DATA SEGMENT
..............................
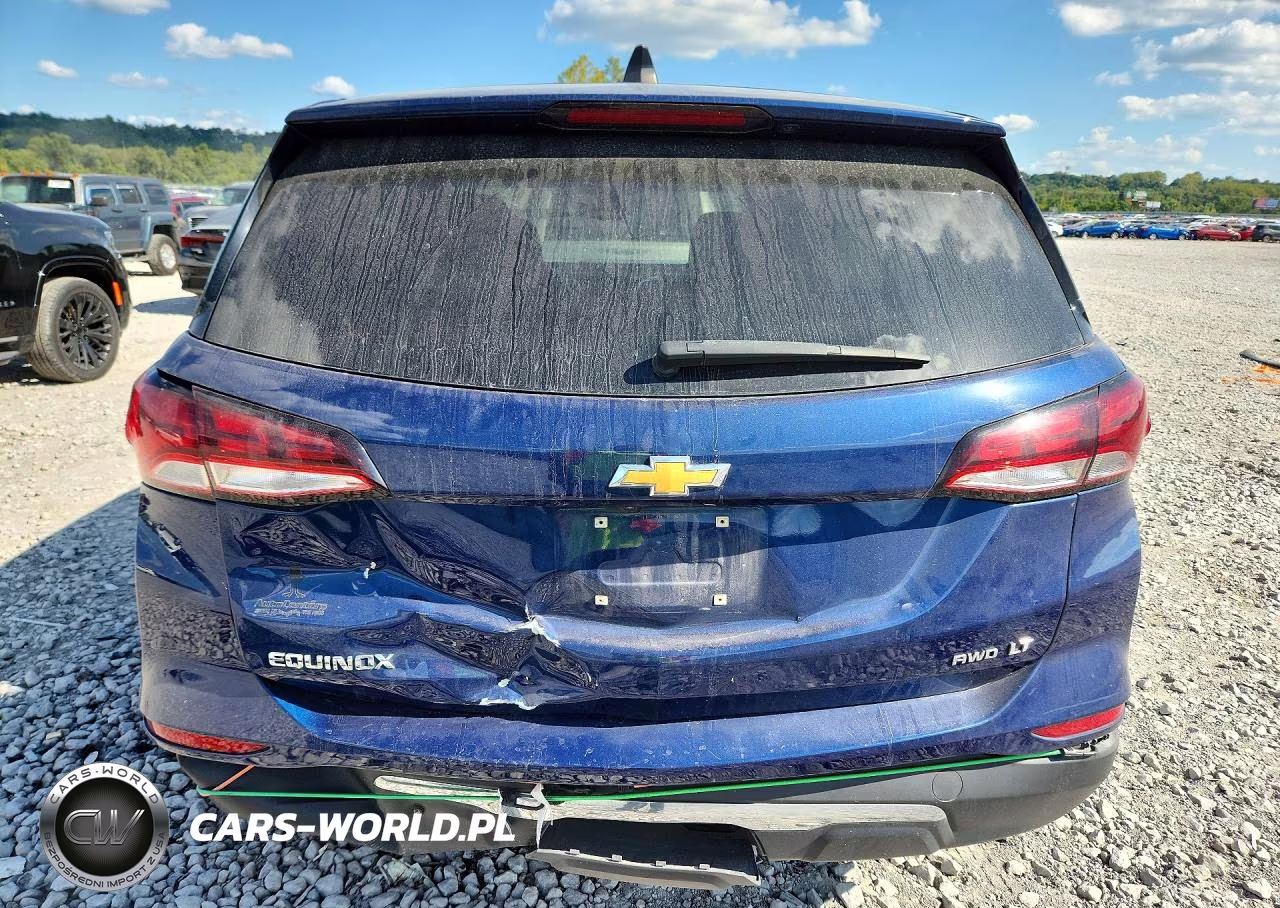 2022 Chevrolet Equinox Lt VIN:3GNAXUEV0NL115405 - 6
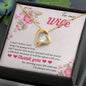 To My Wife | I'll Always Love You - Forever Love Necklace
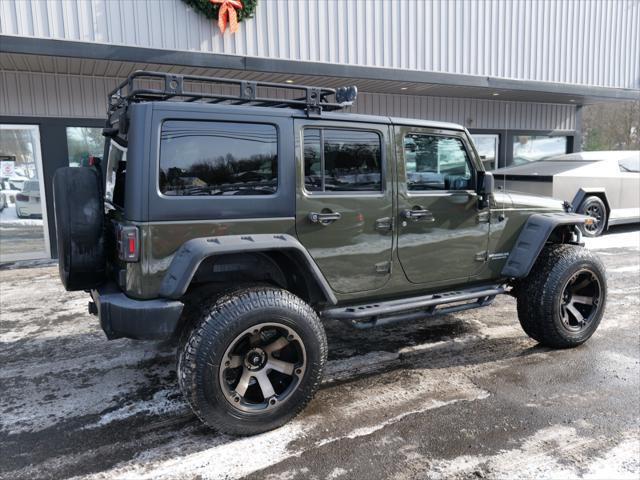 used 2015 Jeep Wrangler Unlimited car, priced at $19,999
..............................
EXERCISE AIM
Reproduce the listing above exactly, excluding all pictures.

THE COMPLETED TASK
 2022 Chevrolet Equinox Lt VIN:3GNAXUEV0NL115405 - 6
 To My Wife | I'll Always Love You - Forever Love Necklace
 used 2015 Jeep Wrangler Unlimited car, priced at $19,999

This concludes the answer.